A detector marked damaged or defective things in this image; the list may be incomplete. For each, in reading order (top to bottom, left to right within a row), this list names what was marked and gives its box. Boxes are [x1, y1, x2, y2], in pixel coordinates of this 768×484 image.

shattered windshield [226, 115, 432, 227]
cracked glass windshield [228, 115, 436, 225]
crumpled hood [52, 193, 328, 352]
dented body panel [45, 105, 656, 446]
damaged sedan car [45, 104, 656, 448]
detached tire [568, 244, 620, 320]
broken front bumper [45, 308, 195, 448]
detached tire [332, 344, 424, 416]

---+---

Copy every record shown above, exactly and completely.

▶ Problem solution:
A detector marked damaged or defective things in this image; the list may be incomplete. For each, in reading order (top to bottom, left to right within a row), this list names what was marked and gives its box. Boxes are [x1, y1, x2, y2], in pixel coordinates of this 768×484 image.

shattered windshield [226, 115, 432, 227]
cracked glass windshield [228, 115, 436, 225]
crumpled hood [52, 193, 328, 352]
dented body panel [45, 105, 656, 446]
damaged sedan car [45, 104, 656, 448]
detached tire [568, 244, 620, 320]
broken front bumper [45, 308, 195, 448]
detached tire [332, 344, 424, 416]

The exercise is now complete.